» TRY IT
Where a line below holds the string "Winter", that line goes into the answer.

» MATERIAL TO PROCESS

+ + + + +

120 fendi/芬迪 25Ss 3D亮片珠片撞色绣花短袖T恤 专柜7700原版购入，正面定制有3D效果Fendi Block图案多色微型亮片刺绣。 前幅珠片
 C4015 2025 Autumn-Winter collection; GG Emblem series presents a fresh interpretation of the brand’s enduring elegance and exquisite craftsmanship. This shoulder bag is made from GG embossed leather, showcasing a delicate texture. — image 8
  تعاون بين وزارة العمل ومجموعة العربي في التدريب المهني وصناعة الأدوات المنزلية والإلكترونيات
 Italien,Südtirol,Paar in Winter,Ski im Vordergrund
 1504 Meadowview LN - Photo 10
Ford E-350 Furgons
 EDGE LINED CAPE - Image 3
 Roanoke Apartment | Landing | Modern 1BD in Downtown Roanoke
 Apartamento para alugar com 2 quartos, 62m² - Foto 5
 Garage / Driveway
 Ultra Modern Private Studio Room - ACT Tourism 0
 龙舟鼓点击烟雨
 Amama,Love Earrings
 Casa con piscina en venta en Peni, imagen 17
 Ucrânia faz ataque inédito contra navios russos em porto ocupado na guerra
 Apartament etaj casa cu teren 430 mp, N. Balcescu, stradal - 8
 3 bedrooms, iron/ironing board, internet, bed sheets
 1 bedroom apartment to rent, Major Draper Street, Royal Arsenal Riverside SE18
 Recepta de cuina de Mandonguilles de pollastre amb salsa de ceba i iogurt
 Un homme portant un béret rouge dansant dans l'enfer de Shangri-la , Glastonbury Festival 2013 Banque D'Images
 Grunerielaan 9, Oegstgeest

+ + + + +

» RESPONSE TO THE EXERCISE
 C4015 2025 Autumn-Winter collection; GG Emblem series presents a fresh interpretation of the brand’s enduring elegance and exquisite craftsmanship. This shoulder bag is made from GG embossed leather, showcasing a delicate texture. — image 8
 Italien,Südtirol,Paar in Winter,Ski im Vordergrund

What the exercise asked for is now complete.